## [YOUR GOAL]
Print, word for word, every line from the beginning of the listing up to and including the line with "Super OYO 90151 Guest House 180". Pictures are to be excluded.
---+---
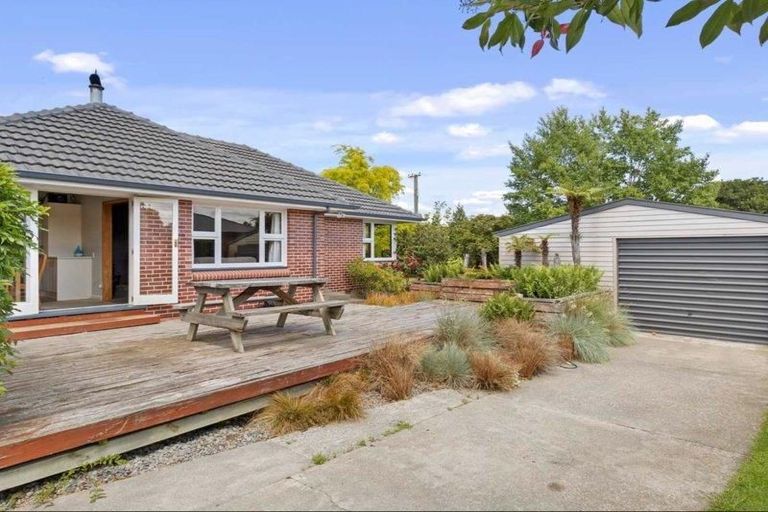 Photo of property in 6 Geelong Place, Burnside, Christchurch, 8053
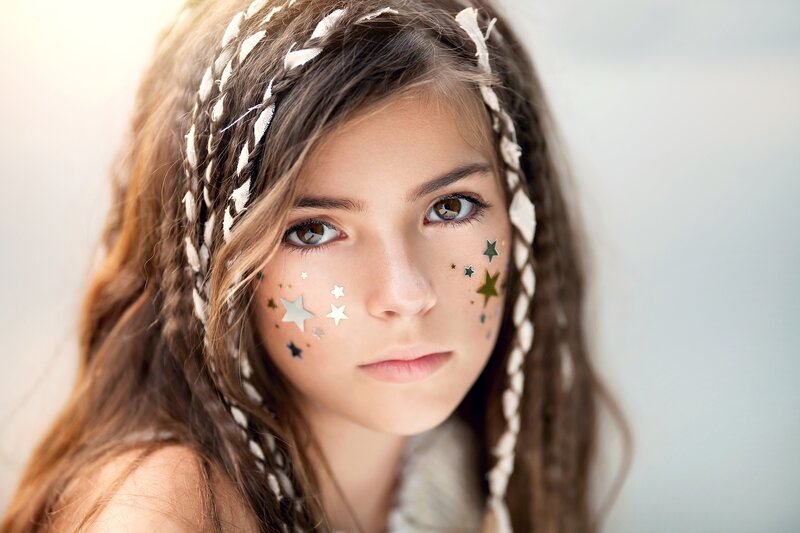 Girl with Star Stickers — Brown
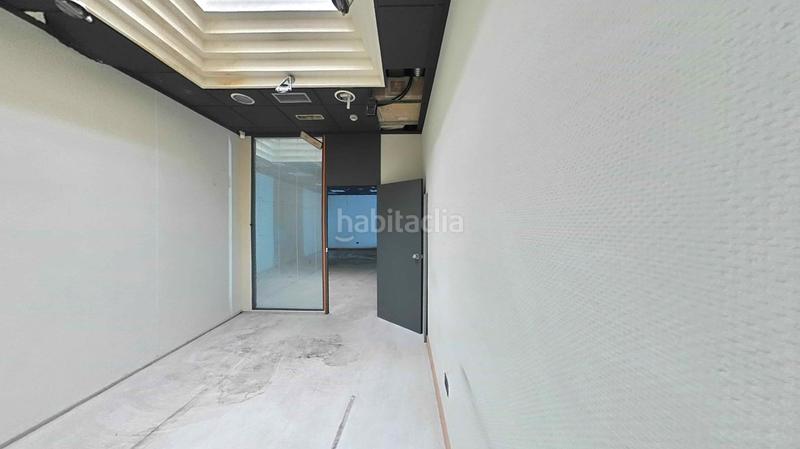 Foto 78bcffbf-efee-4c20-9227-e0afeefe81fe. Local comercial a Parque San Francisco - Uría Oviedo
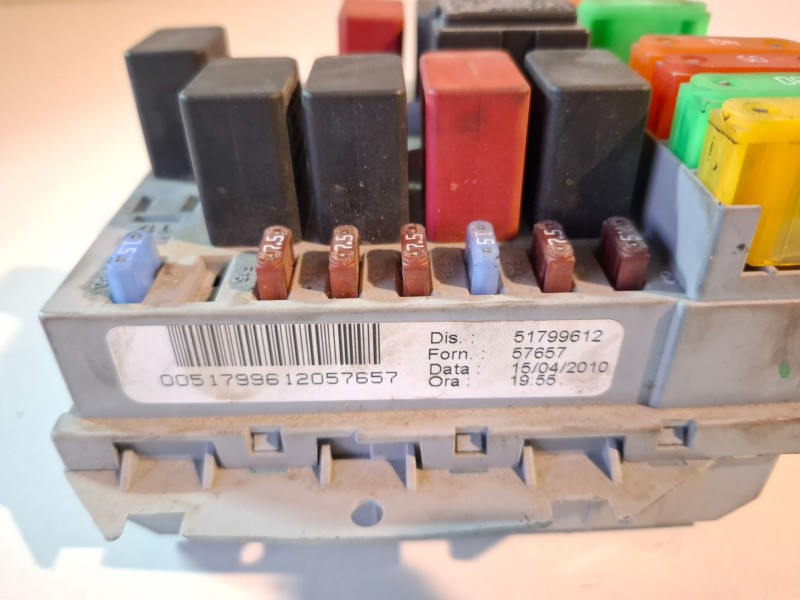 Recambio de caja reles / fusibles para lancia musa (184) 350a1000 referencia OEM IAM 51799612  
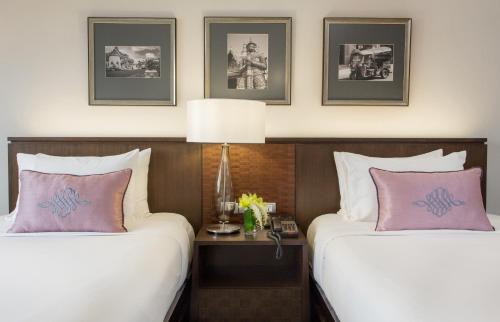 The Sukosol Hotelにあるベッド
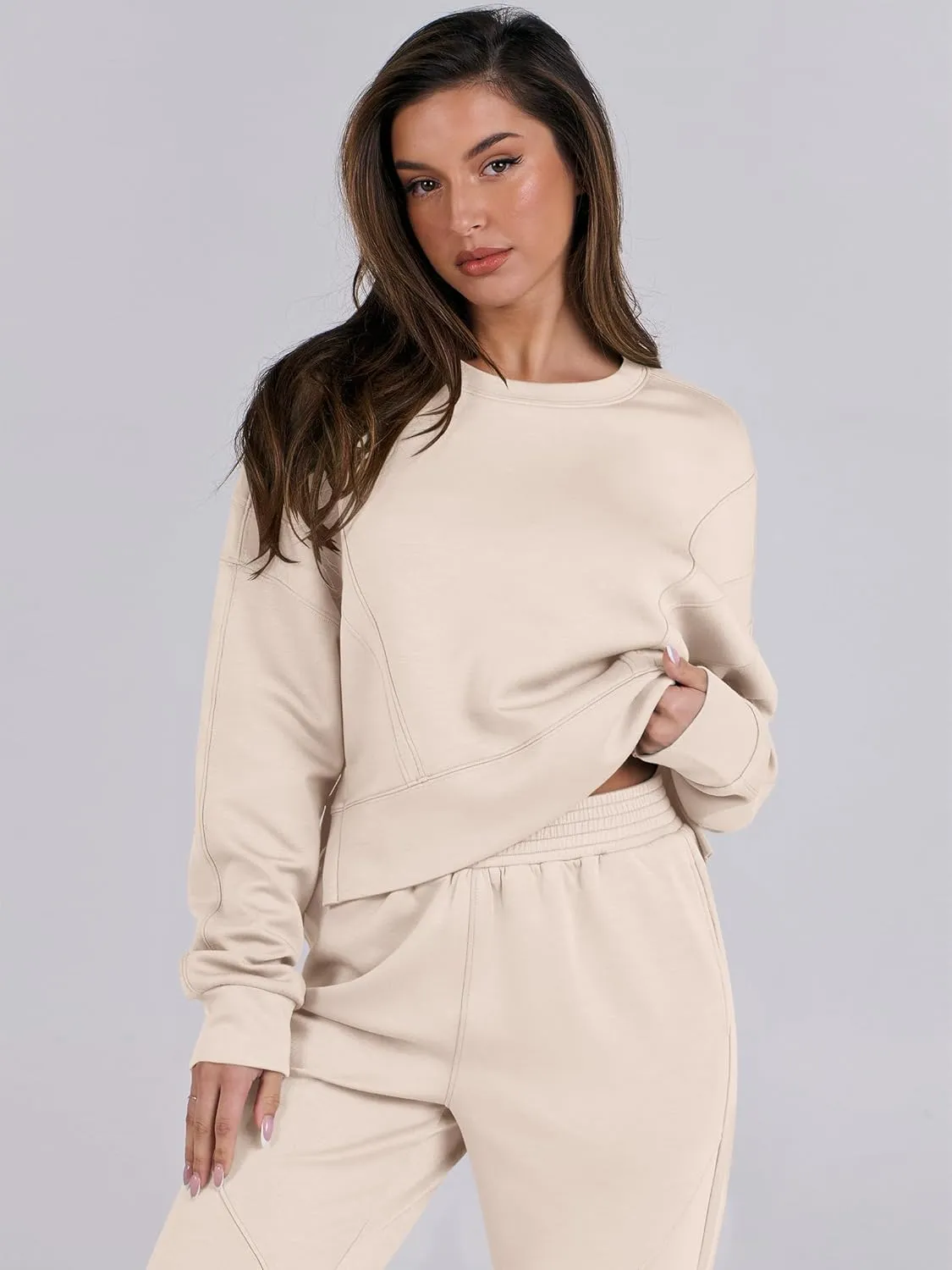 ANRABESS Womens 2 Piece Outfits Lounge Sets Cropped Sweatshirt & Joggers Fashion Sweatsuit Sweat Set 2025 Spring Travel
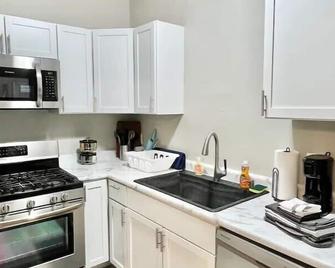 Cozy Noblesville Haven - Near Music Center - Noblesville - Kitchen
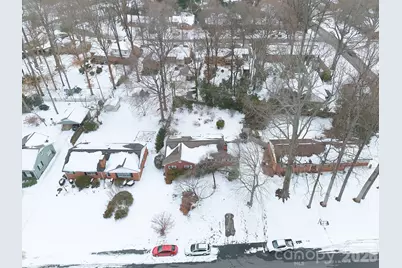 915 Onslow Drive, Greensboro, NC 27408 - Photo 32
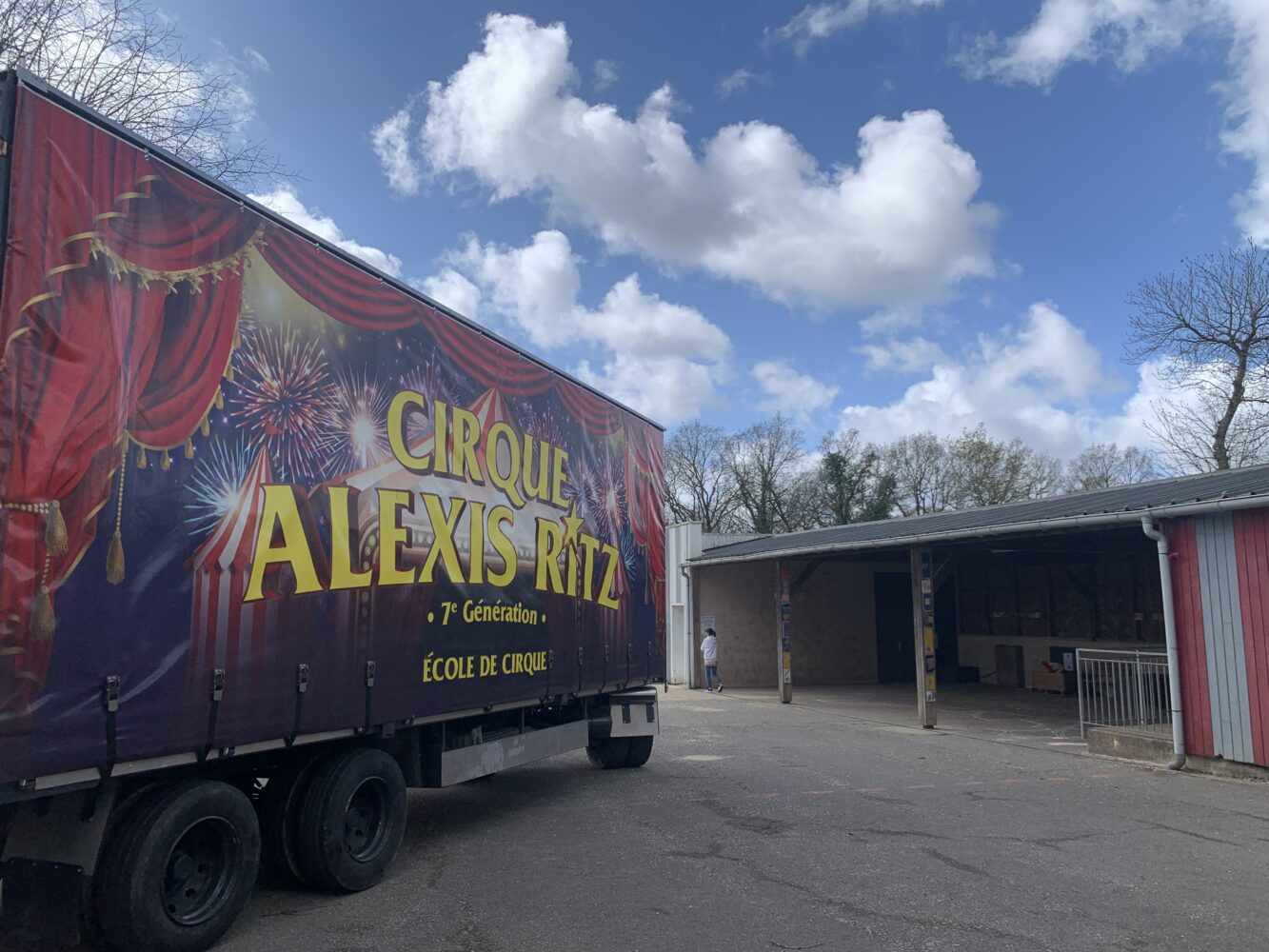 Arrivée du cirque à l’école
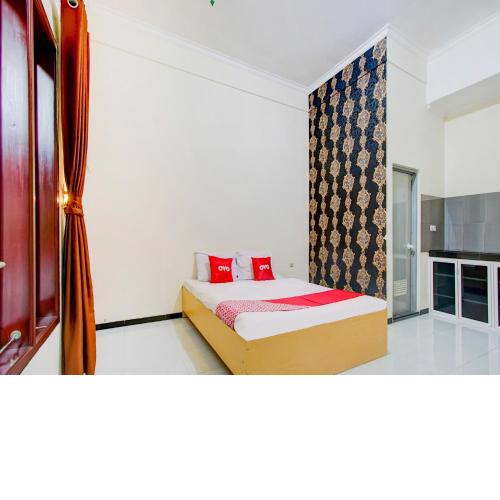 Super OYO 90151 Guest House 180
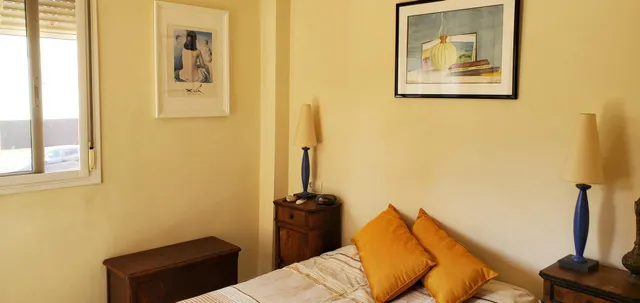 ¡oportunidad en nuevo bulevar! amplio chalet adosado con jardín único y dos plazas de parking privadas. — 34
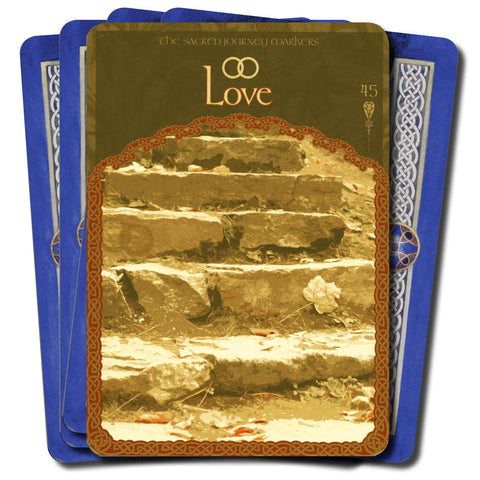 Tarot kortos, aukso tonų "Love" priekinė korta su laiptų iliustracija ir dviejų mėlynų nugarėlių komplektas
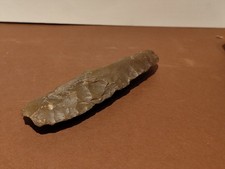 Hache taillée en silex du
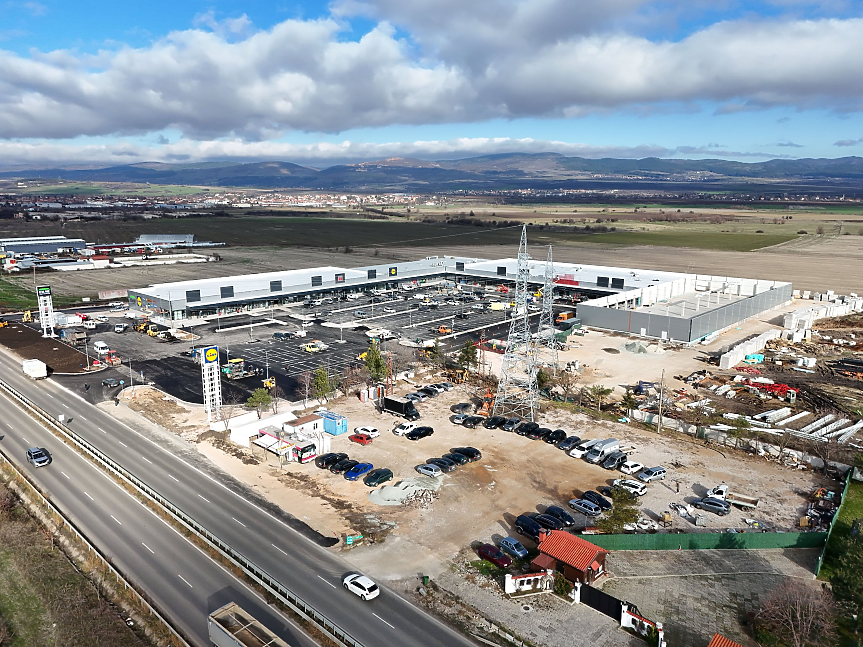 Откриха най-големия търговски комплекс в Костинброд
---+---
## [ANSWER TO THE EXERCISE]
 Photo of property in 6 Geelong Place, Burnside, Christchurch, 8053
 Girl with Star Stickers — Brown
 Foto 78bcffbf-efee-4c20-9227-e0afeefe81fe. Local comercial a Parque San Francisco - Uría Oviedo
 Recambio de caja reles / fusibles para lancia musa (184) 350a1000 referencia OEM IAM 51799612  
 The Sukosol Hotelにあるベッド
 ANRABESS Womens 2 Piece Outfits Lounge Sets Cropped Sweatshirt & Joggers Fashion Sweatsuit Sweat Set 2025 Spring Travel
 Cozy Noblesville Haven - Near Music Center - Noblesville - Kitchen
 915 Onslow Drive, Greensboro, NC 27408 - Photo 32
 Arrivée du cirque à l’école
 Super OYO 90151 Guest House 180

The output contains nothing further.